> [Problem to solve]
For the entries that follow, retype exactly the lines from the one containing "K-Pop Sleep Under - October 3rd" to the one containing "Henry Cavill Magically", inclusive, and only those. Images stay out of the copy.

> [Material provided]
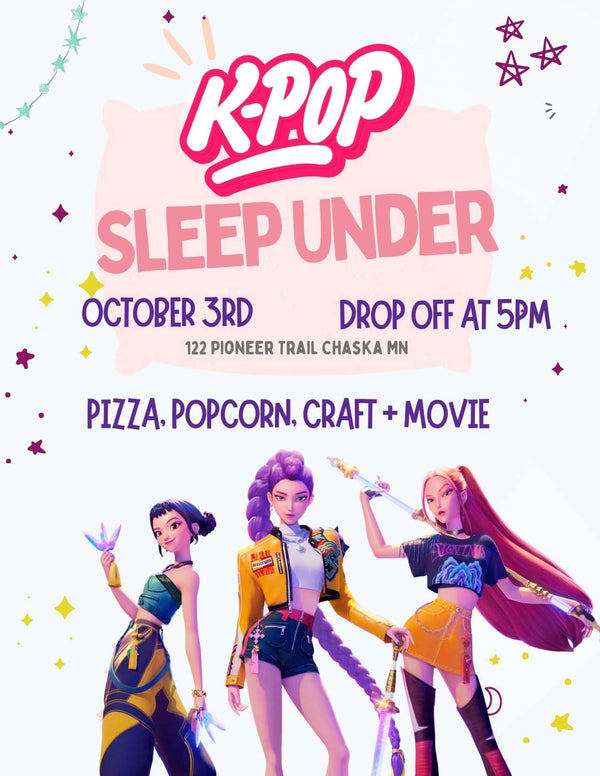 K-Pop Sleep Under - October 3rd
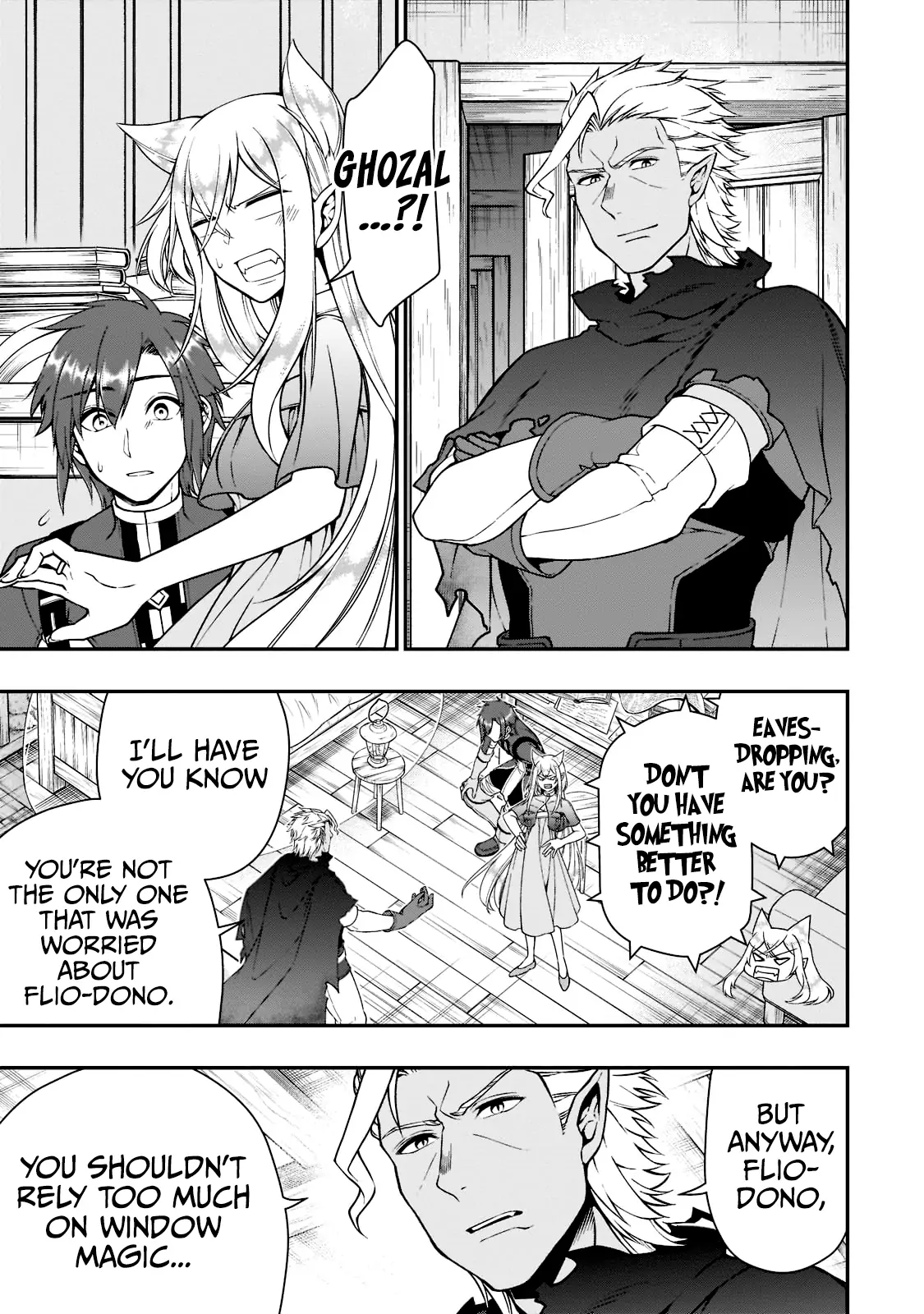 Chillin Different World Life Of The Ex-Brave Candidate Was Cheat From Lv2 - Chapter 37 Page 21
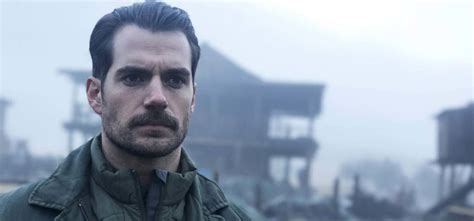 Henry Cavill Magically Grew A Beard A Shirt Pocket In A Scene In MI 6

==

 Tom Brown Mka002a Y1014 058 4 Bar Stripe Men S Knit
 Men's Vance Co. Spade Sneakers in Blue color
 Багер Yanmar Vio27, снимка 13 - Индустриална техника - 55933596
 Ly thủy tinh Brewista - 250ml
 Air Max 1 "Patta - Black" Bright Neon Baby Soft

* * *

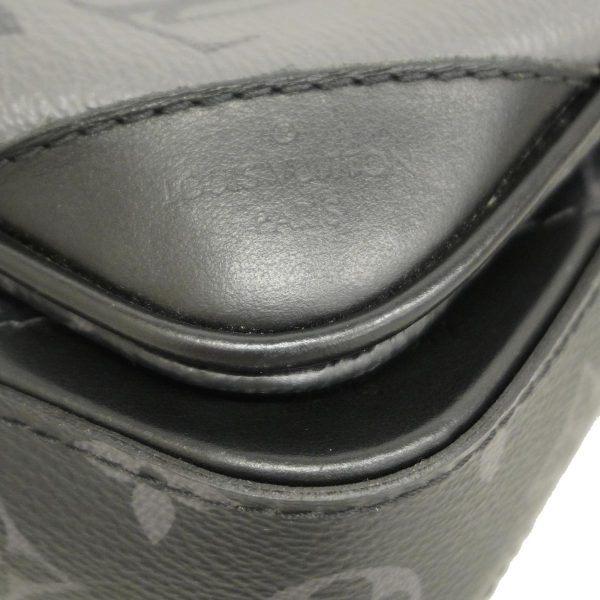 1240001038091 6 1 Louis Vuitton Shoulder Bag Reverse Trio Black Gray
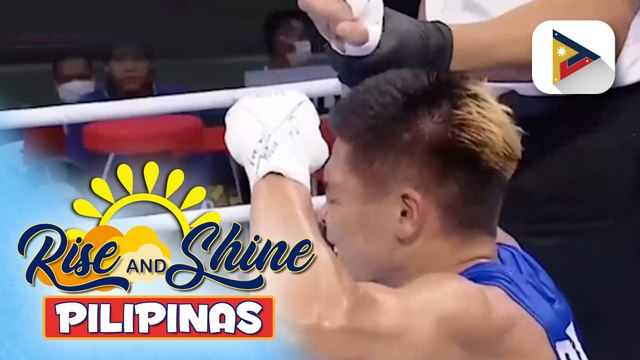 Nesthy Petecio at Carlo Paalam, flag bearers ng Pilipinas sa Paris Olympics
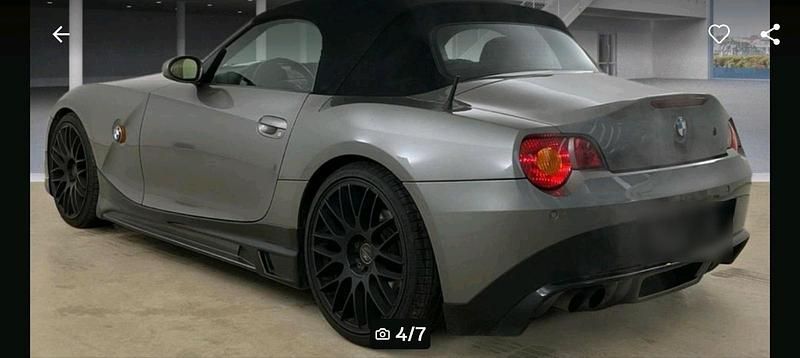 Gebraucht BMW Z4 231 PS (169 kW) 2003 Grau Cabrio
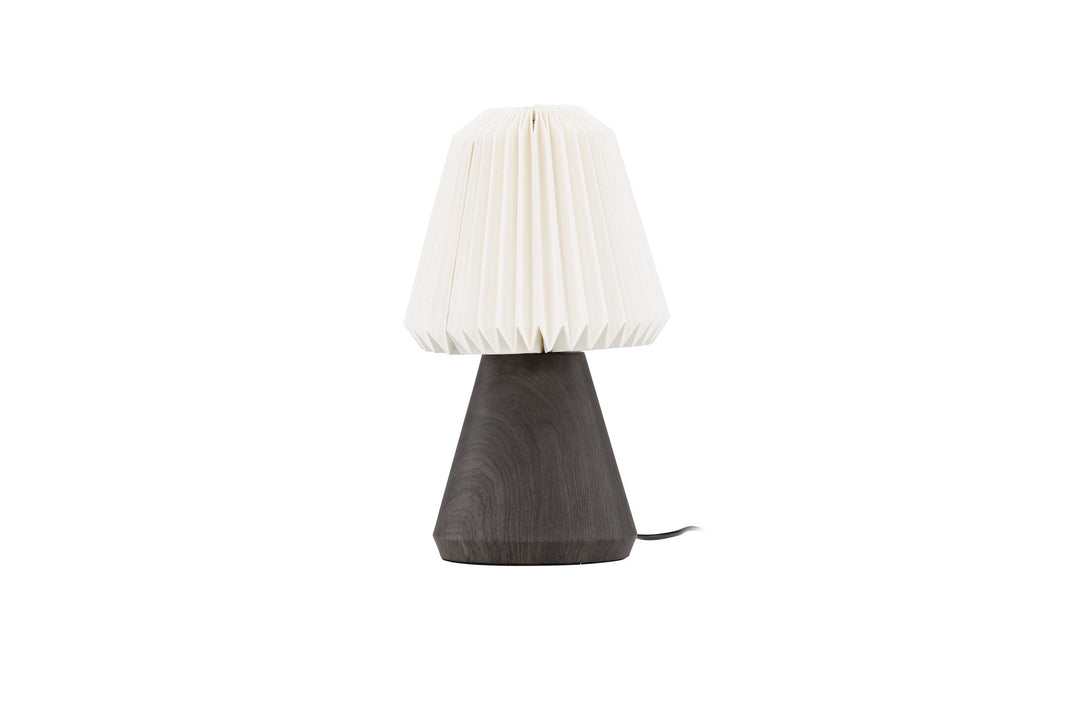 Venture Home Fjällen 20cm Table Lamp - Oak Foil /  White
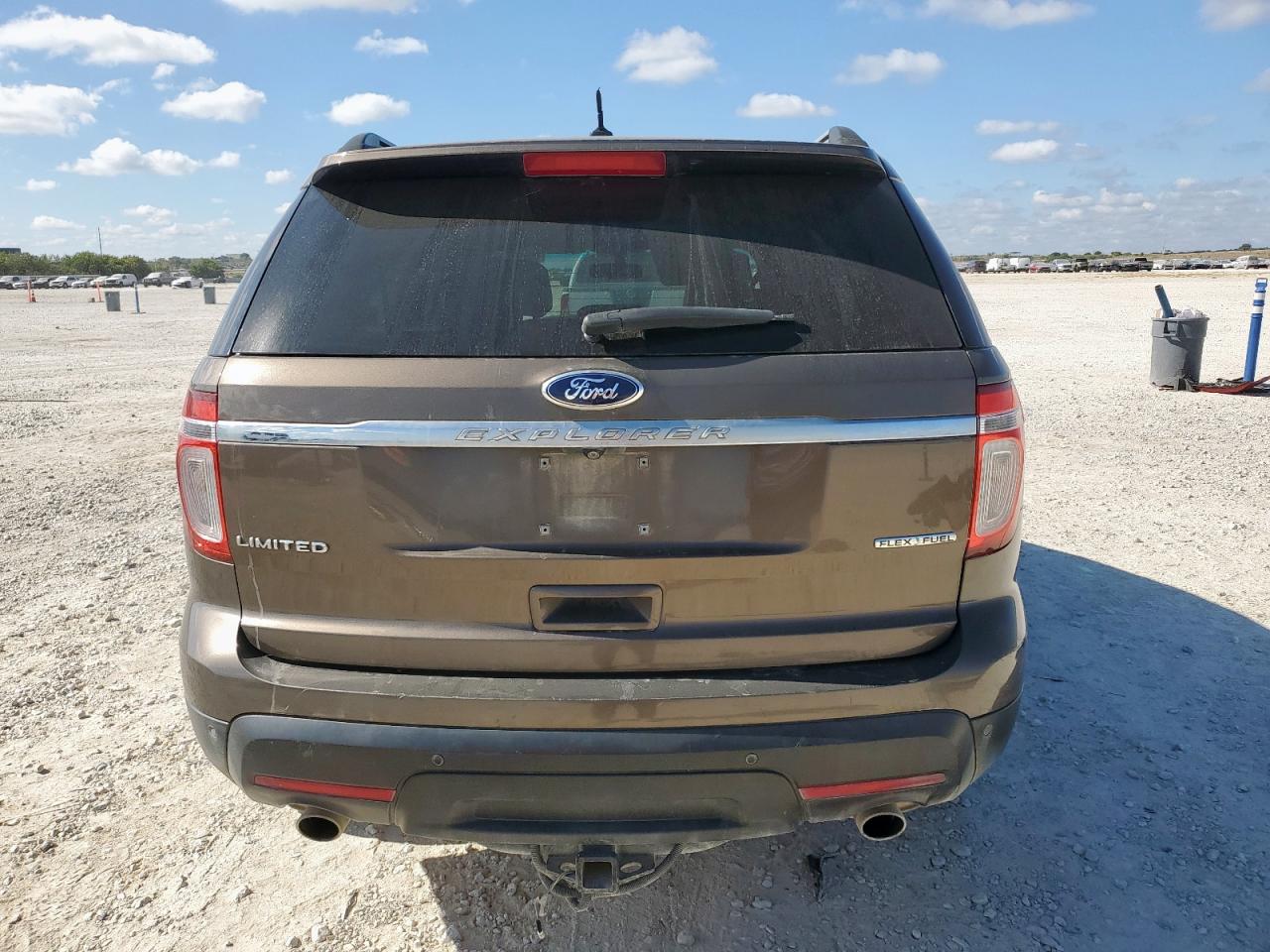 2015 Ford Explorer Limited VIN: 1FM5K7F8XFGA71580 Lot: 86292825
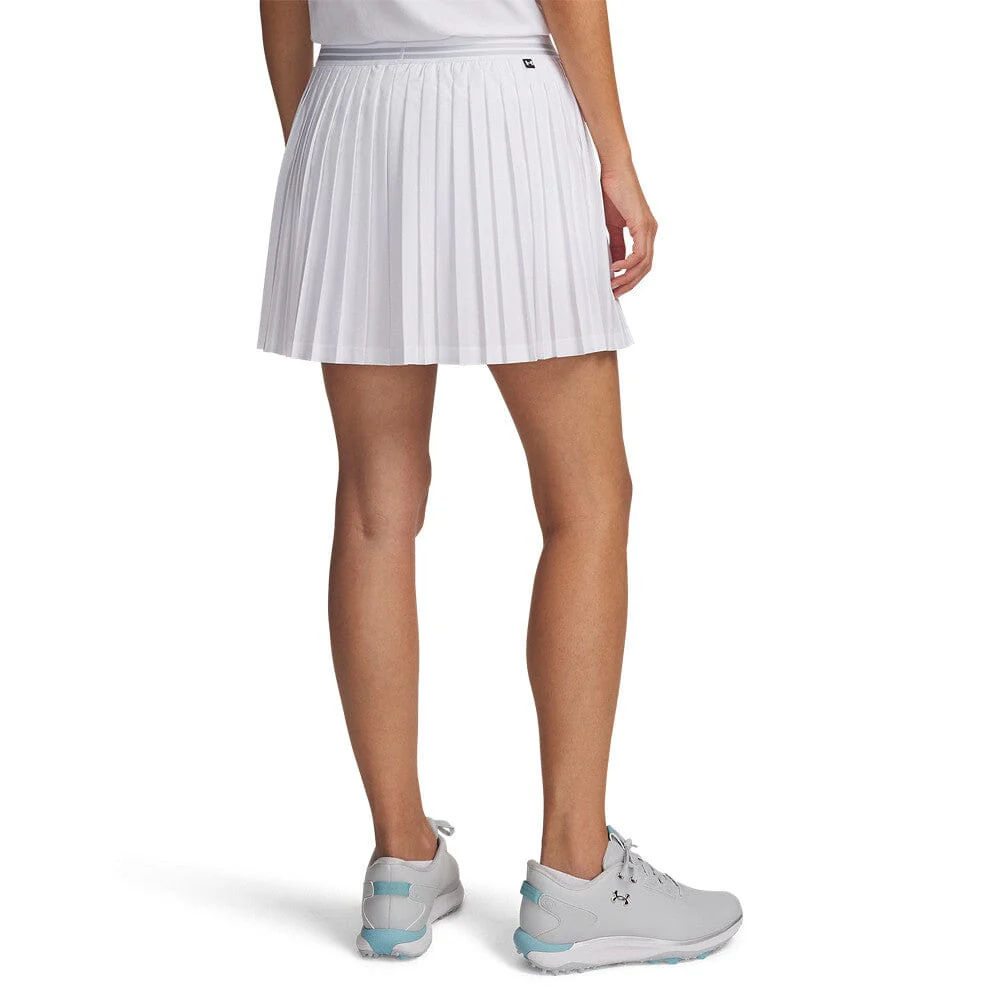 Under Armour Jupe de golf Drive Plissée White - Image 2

> [Task solution]
 K-Pop Sleep Under - October 3rd
 Chillin Different World Life Of The Ex-Brave Candidate Was Cheat From Lv2 - Chapter 37 Page 21
 Henry Cavill Magically Grew A Beard A Shirt Pocket In A Scene In MI 6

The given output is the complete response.